[Your goal]
The span to repeat in the listing below runs from the line containing "Los sindicatos han" to the line containing "Echo Dot 3ª", inclusive. Repeat it exactly, and only it.

[Material for this task]
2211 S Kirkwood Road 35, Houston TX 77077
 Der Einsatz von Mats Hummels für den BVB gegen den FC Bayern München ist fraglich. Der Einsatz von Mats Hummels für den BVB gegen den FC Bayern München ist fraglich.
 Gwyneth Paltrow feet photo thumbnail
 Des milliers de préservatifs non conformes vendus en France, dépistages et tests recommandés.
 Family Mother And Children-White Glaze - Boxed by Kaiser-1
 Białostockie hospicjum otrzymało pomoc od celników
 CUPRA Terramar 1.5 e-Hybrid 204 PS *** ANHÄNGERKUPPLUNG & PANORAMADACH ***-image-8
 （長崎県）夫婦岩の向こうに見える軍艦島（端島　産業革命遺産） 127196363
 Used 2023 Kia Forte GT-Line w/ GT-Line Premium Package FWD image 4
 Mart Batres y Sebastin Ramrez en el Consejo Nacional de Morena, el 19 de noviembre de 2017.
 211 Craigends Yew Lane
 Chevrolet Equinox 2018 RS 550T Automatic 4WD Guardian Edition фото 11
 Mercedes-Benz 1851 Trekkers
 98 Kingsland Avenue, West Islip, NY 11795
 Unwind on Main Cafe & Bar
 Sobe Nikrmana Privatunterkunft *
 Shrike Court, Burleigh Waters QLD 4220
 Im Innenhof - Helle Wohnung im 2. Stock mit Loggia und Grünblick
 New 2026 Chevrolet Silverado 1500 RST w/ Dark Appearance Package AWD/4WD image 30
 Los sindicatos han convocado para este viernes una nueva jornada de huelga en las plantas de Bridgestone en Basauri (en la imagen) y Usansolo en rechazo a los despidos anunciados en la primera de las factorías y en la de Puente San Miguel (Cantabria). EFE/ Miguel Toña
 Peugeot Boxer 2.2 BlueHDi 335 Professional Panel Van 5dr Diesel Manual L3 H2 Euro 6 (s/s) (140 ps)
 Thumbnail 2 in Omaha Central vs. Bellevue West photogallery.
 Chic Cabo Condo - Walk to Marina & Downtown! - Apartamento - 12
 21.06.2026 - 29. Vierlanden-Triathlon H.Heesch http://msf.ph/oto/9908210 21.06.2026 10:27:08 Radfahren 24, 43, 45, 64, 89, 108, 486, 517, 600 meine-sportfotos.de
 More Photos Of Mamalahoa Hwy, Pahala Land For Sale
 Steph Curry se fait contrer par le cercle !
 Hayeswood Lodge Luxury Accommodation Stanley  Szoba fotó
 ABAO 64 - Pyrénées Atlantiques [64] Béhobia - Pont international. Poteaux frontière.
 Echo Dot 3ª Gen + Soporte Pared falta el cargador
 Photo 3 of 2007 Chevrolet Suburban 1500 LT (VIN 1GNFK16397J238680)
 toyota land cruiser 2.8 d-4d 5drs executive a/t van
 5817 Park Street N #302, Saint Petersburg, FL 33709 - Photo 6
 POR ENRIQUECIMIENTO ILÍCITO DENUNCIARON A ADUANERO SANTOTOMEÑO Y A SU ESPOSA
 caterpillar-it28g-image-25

[Written solution]
 Los sindicatos han convocado para este viernes una nueva jornada de huelga en las plantas de Bridgestone en Basauri (en la imagen) y Usansolo en rechazo a los despidos anunciados en la primera de las factorías y en la de Puente San Miguel (Cantabria). EFE/ Miguel Toña
 Peugeot Boxer 2.2 BlueHDi 335 Professional Panel Van 5dr Diesel Manual L3 H2 Euro 6 (s/s) (140 ps)
 Thumbnail 2 in Omaha Central vs. Bellevue West photogallery.
 Chic Cabo Condo - Walk to Marina & Downtown! - Apartamento - 12
 21.06.2026 - 29. Vierlanden-Triathlon H.Heesch http://msf.ph/oto/9908210 21.06.2026 10:27:08 Radfahren 24, 43, 45, 64, 89, 108, 486, 517, 600 meine-sportfotos.de
 More Photos Of Mamalahoa Hwy, Pahala Land For Sale
 Steph Curry se fait contrer par le cercle !
 Hayeswood Lodge Luxury Accommodation Stanley  Szoba fotó
 ABAO 64 - Pyrénées Atlantiques [64] Béhobia - Pont international. Poteaux frontière.
 Echo Dot 3ª Gen + Soporte Pared falta el cargador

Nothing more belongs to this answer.